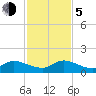 Sands Key tide chart for Tuesday, December 5, 2023
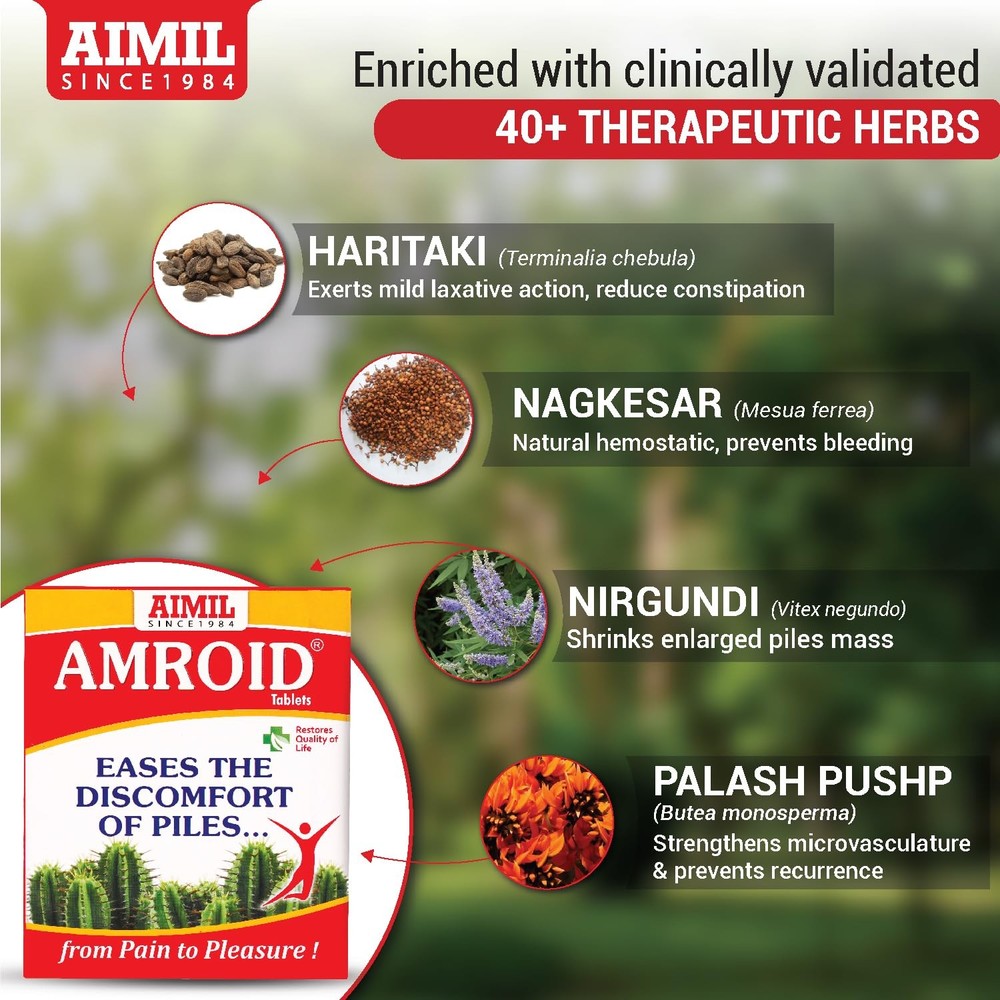 AIMIL Amroid Herbal Capsules 30 Count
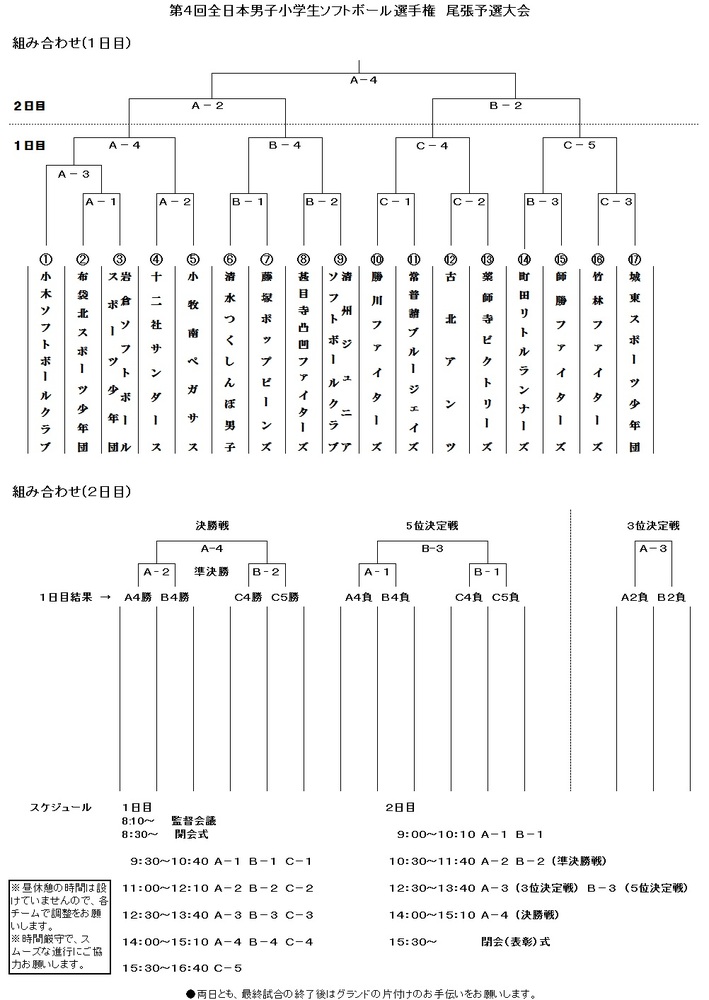 第4回全日本男子小学生ソフトボール選手権尾張予選大会　トーナメント表画像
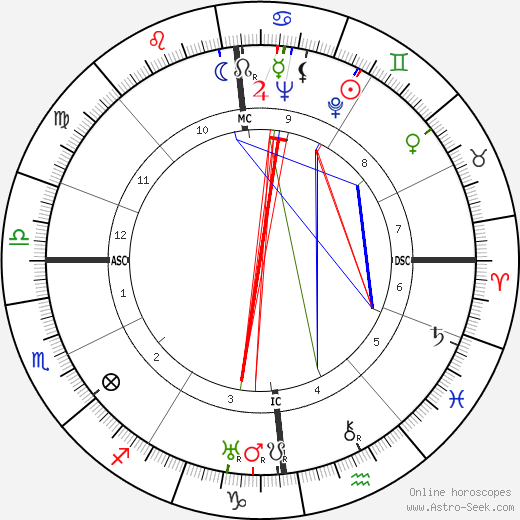 Paul Klinger birth chart, Paul Klinger astro natal horoscope, astrology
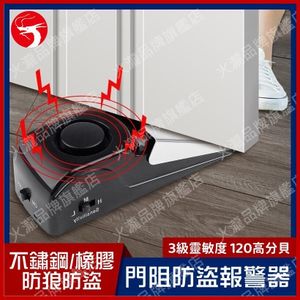 Smart door stopper anti-theft alarm, for travel/business/hotel/ home use. Door stopper.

● ● ● ● ● ● ●

### Problem details:
When copying the material, leave every image behind and keep each line verbatim.

### Your solution:
 Sands Key tide chart for Tuesday, December 5, 2023
 AIMIL Amroid Herbal Capsules 30 Count
 第4回全日本男子小学生ソフトボール選手権尾張予選大会　トーナメント表画像
 Paul Klinger birth chart, Paul Klinger astro natal horoscope, astrology
 Smart door stopper anti-theft alarm, for travel/business/hotel/ home use. Door stopper.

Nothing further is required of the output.